The focus was on the release of the new ArcGIS Enterprise. Although the name is new it represents a bundle of the existing products of ArcGIS server, ArcGIS Web Adapter, Portal for ArcGIS and the ArcGIS Data Store. Where most organisations would be familiar with working directly with server, the goal over time will to move the access point and focus to portal as these products are more tightly coupled. A number of server roles have also been introduced including the familiar GIS server as well as the newer roles of GeoEvent Server, Image Server and GeoAnalytics Sever. Organisations can mix and match these roles depending on need and each one can also be hosted on different machines. Although the version number has increased incrementally from 10.4 to 10.5, this is considered a major release and probably should have been numbered 11.0. Version 10.5.1 is expected mid-year with 10.6 planned for the end of 2017.
ArcGIS Pro has also moved up in the rankings becoming an increasingly dominant part of the ArcGIS desktop environment. It is multi threaded, better suited to the new Windows display environment, and it now supports vector tile creation, geodatabase topology, 3D object editing, labelling, charts and sharing on line. As you would expect there was a heavy emphasis on the enhanced software development kit. The aim is to move all ArcMap functionality, including development (ArcObjects) to the new ArcGIS pro platform (SDK – the new development environment). Notably Utility Network support is still absent from the platform but it “might” be included in version 2 due to be released at the end of the year.

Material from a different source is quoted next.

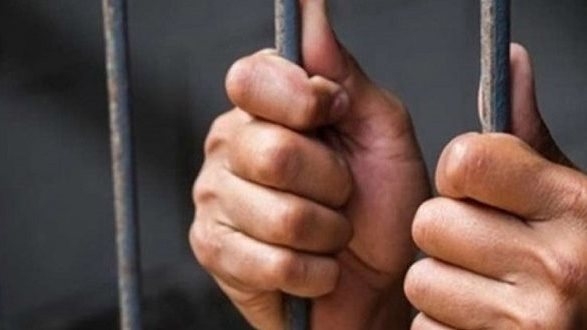 عقوبة استغلال الوظيفة في تهريب المهاجرين .. بالقانون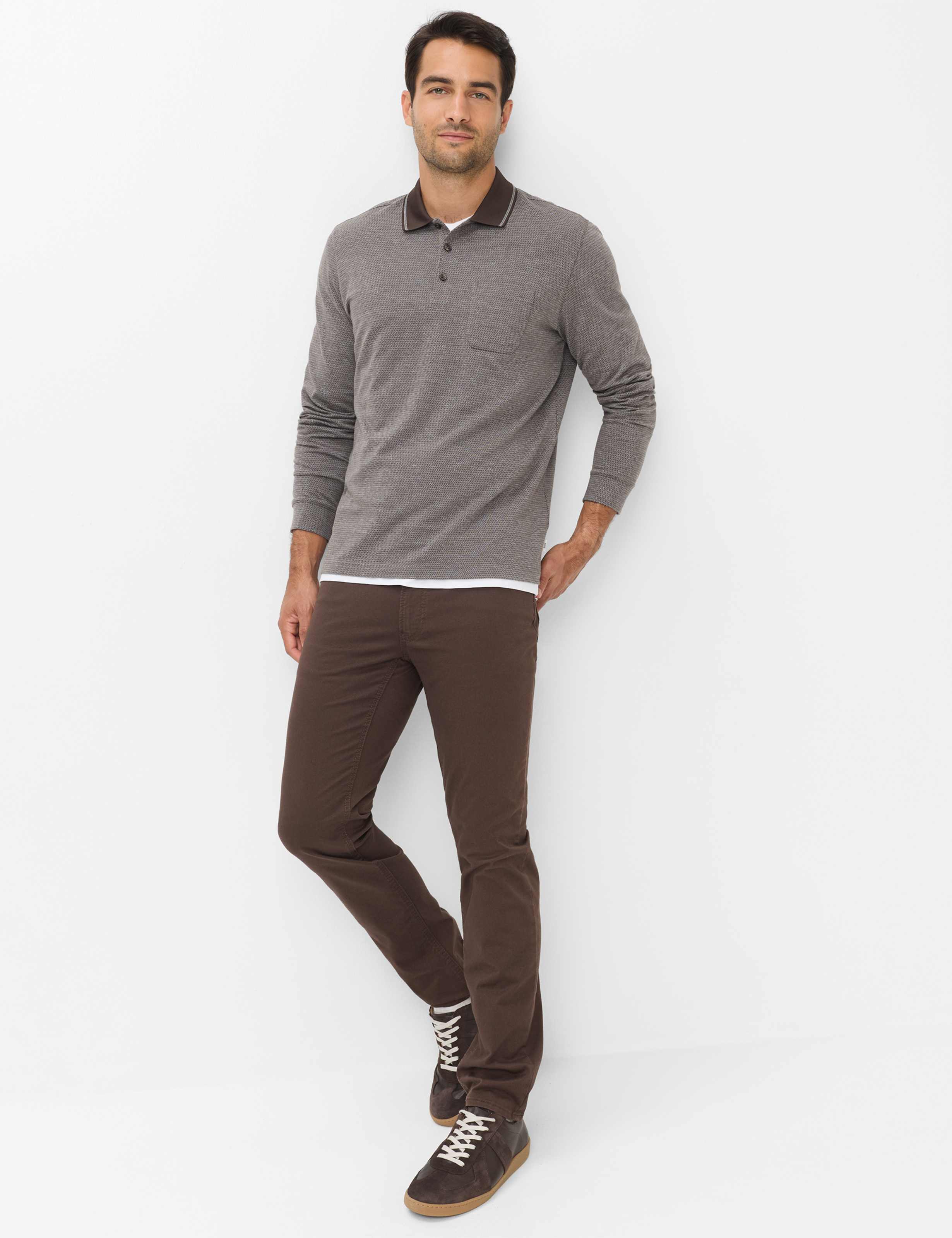 Herren Style PHARELL Dunkelbraun  Model Outfit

There are now a range of environments for developing on the ESRI platform. The emphasis was on web development with over 50 sessions based on javascript and if you don’t want to write code you can build web apps using the web application builder which now has increased capabilities (including 3D). Desktop development was focused on python with about 25 sessions on this popular scripting language. There were over 20 session focused on ArcGIS runtime (this can be used to build standalone applications) and a dozen session on the ArcGIS Pro software development kit. There were also sessions focused purely on iOS and Android and for those interested in using a single platform to develop for iOS, Android and windows, there was an interesting session on Xamarin. In all there were almost 300 sessions of mostly one hour in length.
The ESRI showcase covered a huge area filled with computers, large screens and ESRI technical specialists and developers. There were also 3 large demo theatres. ESRI must have had most of their development team on site. The ESRI main campus is about an hour away in Redlands. ESRI also highlighted their R&D centres spread throughout the world with one of them based in Melbourne.

If you are a developer focused on the ESRI platform then there is no doubt that the ESRI developer summit then this is the place to be. More geeks than you can poke a stick at. Or in the case of the dodge ball tournament and party on the final night – more geeks then you can throw a ball at.